The only place you can be going is here.
And when you show up HERE!
You can be the star that you are.
A few months ago, I found myself really feeling the impact of a loss I have been dealing with for a while. In general, I have been doing all that I tell my clients to do when dealing with a loss. I had been moving through the loss in a very good, albeit painful way. (Hear this: Going through loss does not mean you will not feel pain, and if you are feeling the pain, you are most likely dealing with the loss).
However, I woke up one morning and no matter what I did, the pain seemed to grip me in such a way that I felt like I was sinking into an abyss that I had not experienced for decades.
A friend happened to call me, and I told him a bit of how I was feeling. When we hung up I still felt really low.
A few hours later, he sent me an email more or less telling me what to do to feel better–be sure to not “blame the other” who had stimulated the loss. He told me to make sure that I remember that this person was my teacher……………
This did not help me.
And, in the most kind and considerate way, I told this person that I knew he was trying to be helpful and that this did not help.
Later he asked, what would help. I said this:
All that I really need is to have someone say to me:
“I am here, what is this like for you”.
That is it friends!
This is all we initially need to do when we or a loved one, friend or even an enemy is dealing with an issue of any type that is causing them distress, sinking into that emotional abyss that most of us have been told to avoid at all costs.
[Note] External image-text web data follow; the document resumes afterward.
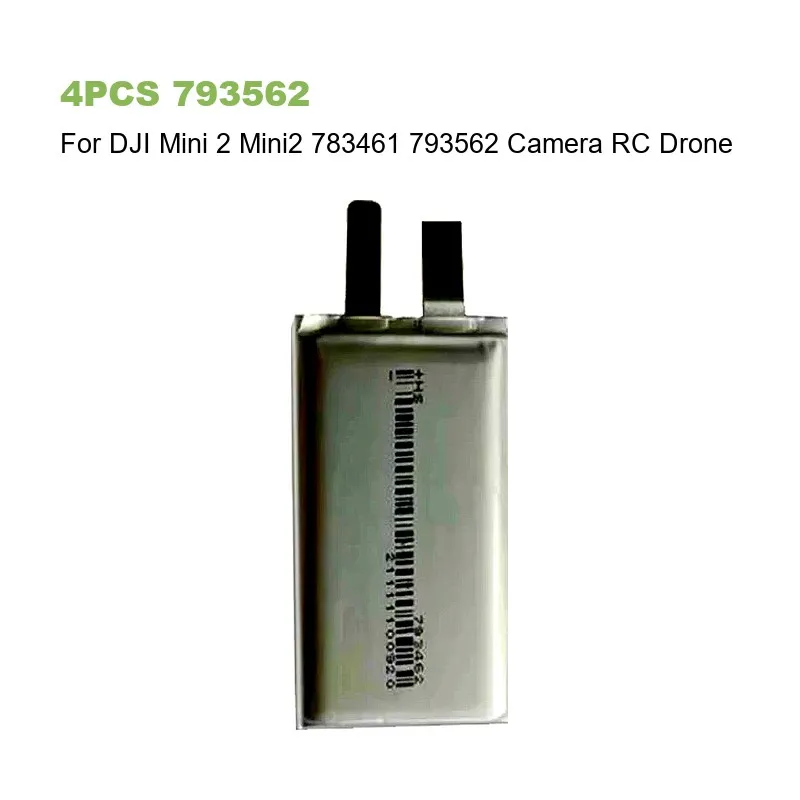 Replacement Drone Battery For DJI Mini 2 Mini2 783461 793562 Camera RC Drone (Your DIY Welding) Cells 4PCS 793562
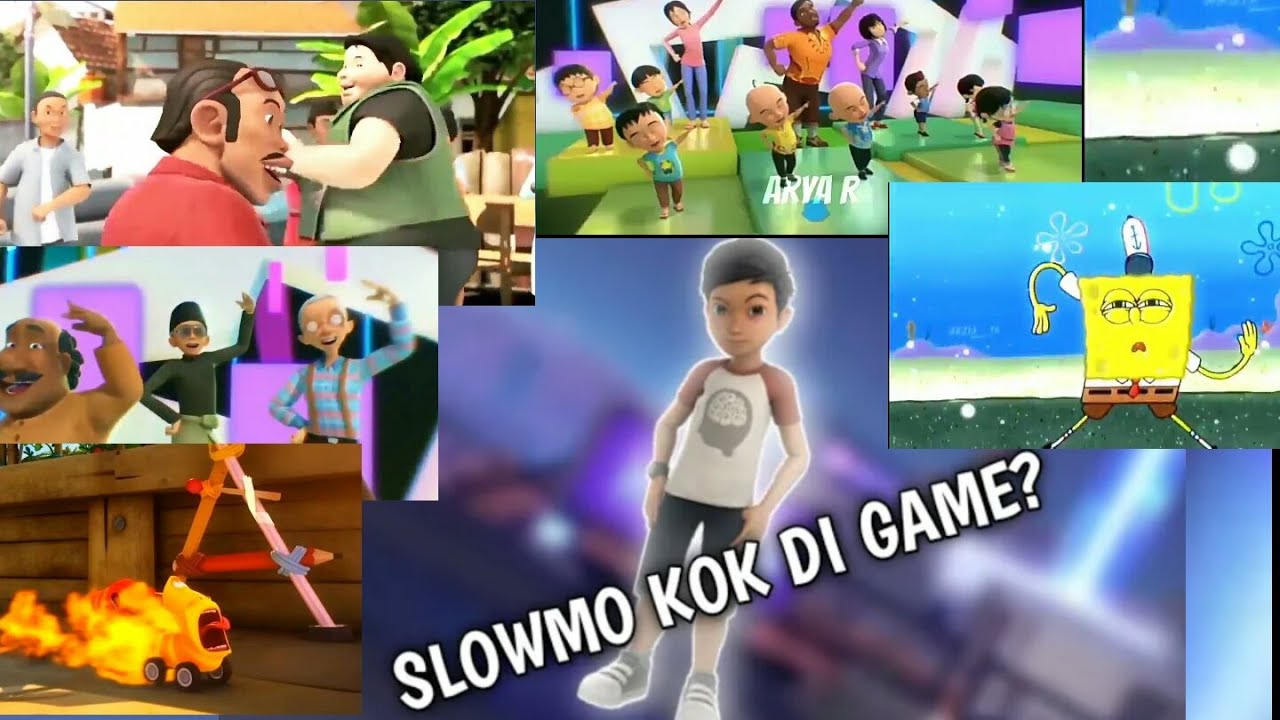 TOP 5 SLOWMO KOK DI GAME🤙😏! || VIRAL TIK TOK!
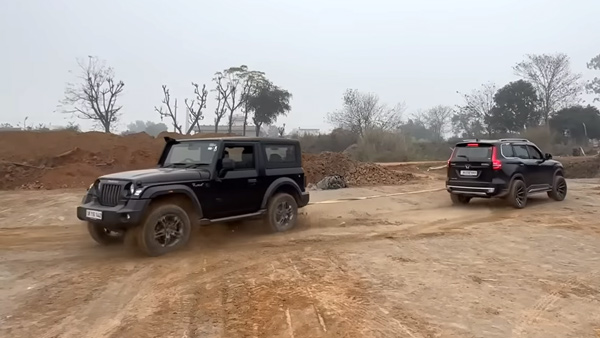 Thug Of War Between Mahindra Thar and Scorpio N Video Viral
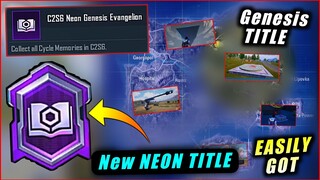 Easyway to Get [Neon Genesis Evangelion] Title in PUBG Mobile | How To Get (C2S6 NEON) Title in BGMI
This emotional abyss is where all unhealed losses, un-dealt with traumas, and wounds live. And, what goes part and parcel with all of this are feelings and our ability to deal with them. When we were young, our caretakers may not have known how to deal with feelings and therefore taught us to shove the feelings into this emotional abyss. What creates this abyss is wrong thinking. The Abyss is created because humans have incorrectly learned that feelings can’t really be dealt with.
Again, I want to repeat this: we somehow learned that we can’t deal with feelings. We learned that the thing to do when feelings come up is to allow the mind to take us far away from the feelings. We learned to use our intellect to take us away from the truth of what is going inside us. And, when this did not work, many people learned to use food to hide the feelings, or some used drugs and alcohol to medicate the feelings. However, this did not eliminate the feelings. Also, some people learned to use Spirituality to do a “spiritual by-pass” to rise above the feelings. Often people who have mastered the trick of “spiritual by-passing” will look down on those “lower folks” who have feelings. This is so ridiculous that as a therapist and a minister, I would rather work with clients who use food, or drugs or alcohol or sex or shopping over someone who uses spirituality to make themselves think they have risen above it all.
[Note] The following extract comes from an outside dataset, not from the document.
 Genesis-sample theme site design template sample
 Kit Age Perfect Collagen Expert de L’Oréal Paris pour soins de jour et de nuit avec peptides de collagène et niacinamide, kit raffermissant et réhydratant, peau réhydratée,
The truth is we are born with the ability to feel our feelings. We have biological emotional circuits for many different feelings. Our feelings are like little barometers that continually tell us how we perceive something. It is an amazing gift that we are born with. However, I would say in 80 % of most families, the children are taught to not deal with their feelings.
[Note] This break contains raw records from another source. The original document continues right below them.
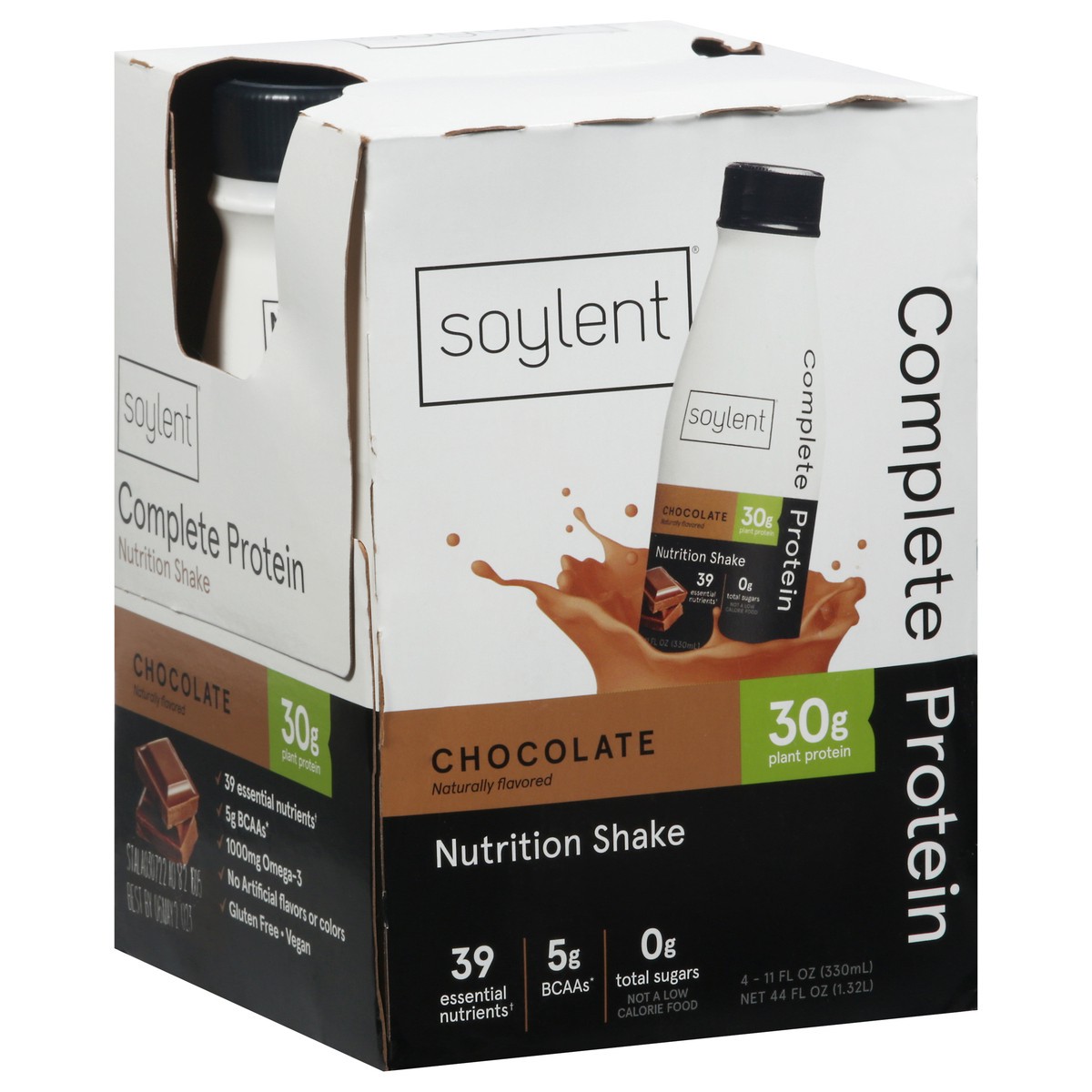 slide 8 of 9, Soylent Drink Protein Chocolate - 4 ct; 44 oz, 4 ct; 44 oz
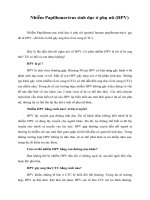 Tài liệu Nhiễm Papillomavirus sinh dục ở phụ nữ (HPV) pptx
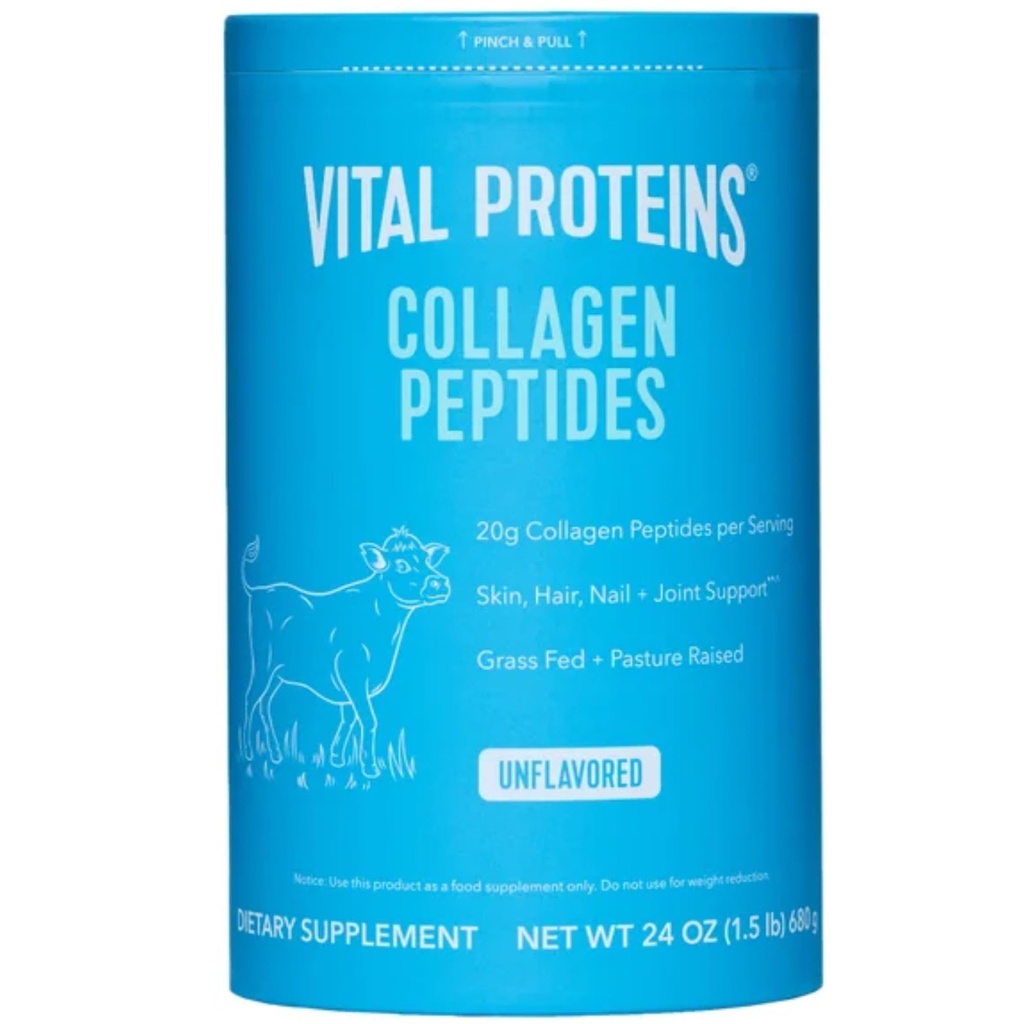 Vitale eiwitten Natuurlijke hele voeding Collageen Peptiden - Pasture verhoogd, Gras Fed, Paleo vriendelijk, Glutenvrij, Enkele Ingrediënt - 24 Ounce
However, there comes a time when you have to BE HERE NOW, and feel your feelings rather than allowing your mind to drag you like a dog on a leash “there and everywhere”, but not here.
Here is the only place where we can truly deal with what is going on. Here in this now moment.
Rev. Marvin Anderson, Unity Minister, told us in ministerial school, that “this NOW moment is where all ideas originate; This NOW moment is the realm of Divine Ideas, and Divine Ideas are under everything that is.
I am calling this realm within us the House of Truth.
There is one choice we really have in life and this choice has to do with whether we are connected to the House of Truth within. We each have our own House of Truth and no one can really know what is in anyone’s House of Truth except for their own. In our House of Truth, we have access to our thoughts, our feelings, our perceptions, our feelings, our history, our dreams, desires, passions, and hopes. When we make the choice to connect to this part of who we are, we are placing ourselves in CHOICE. We are choosing to be here NOW and in this NOW moment.
So the answer to the question about what to do when we are caught unaware and feel like we are sinking into that emotional abyss is to stop and feel our feelings.
So, what to do when we see ourselves or someone else falling into that abyss? Ready? Here is what you need to say:
“I am here, what is this like for you”.
Though these 9 words may seem easy to say; though you may think, well I can do that, I invite you to consider how many times you have tried to make someone feel better when they were going into the abyss as opposed to telling them: “I am here, what is this like for you”.
Or, have you tried to “just help”, or a have you told them what worked for you, or have you offered them a beer or tried to distract them with the news “de jour”.
These 7 words are rarely used.
And these 7 words or something like them, if used could change the world.